Extracted information -
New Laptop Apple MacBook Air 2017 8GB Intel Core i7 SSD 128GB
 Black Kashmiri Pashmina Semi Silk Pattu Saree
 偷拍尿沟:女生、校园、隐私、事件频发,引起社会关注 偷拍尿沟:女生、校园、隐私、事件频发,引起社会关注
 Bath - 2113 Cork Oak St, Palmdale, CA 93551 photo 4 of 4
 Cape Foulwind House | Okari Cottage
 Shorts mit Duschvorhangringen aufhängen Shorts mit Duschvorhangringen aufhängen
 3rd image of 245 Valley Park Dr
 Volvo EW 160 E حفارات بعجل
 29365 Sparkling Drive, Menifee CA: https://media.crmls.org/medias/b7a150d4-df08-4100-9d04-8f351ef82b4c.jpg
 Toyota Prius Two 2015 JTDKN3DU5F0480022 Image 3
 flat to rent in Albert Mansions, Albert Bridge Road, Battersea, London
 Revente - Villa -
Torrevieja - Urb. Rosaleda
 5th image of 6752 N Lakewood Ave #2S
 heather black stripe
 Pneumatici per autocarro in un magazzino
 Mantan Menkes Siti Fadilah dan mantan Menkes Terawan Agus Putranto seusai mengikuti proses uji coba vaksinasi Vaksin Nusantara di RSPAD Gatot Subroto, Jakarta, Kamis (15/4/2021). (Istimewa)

What you should do -
Output the lines above between the one holding "3rd image of 245 Valley Park Dr" and the one holding "heather black stripe", inclusive, with nothing before or after them.

Answer space -
 3rd image of 245 Valley Park Dr
 Volvo EW 160 E حفارات بعجل
 29365 Sparkling Drive, Menifee CA: https://media.crmls.org/medias/b7a150d4-df08-4100-9d04-8f351ef82b4c.jpg
 Toyota Prius Two 2015 JTDKN3DU5F0480022 Image 3
 flat to rent in Albert Mansions, Albert Bridge Road, Battersea, London
 Revente - Villa -
Torrevieja - Urb. Rosaleda
 5th image of 6752 N Lakewood Ave #2S
 heather black stripe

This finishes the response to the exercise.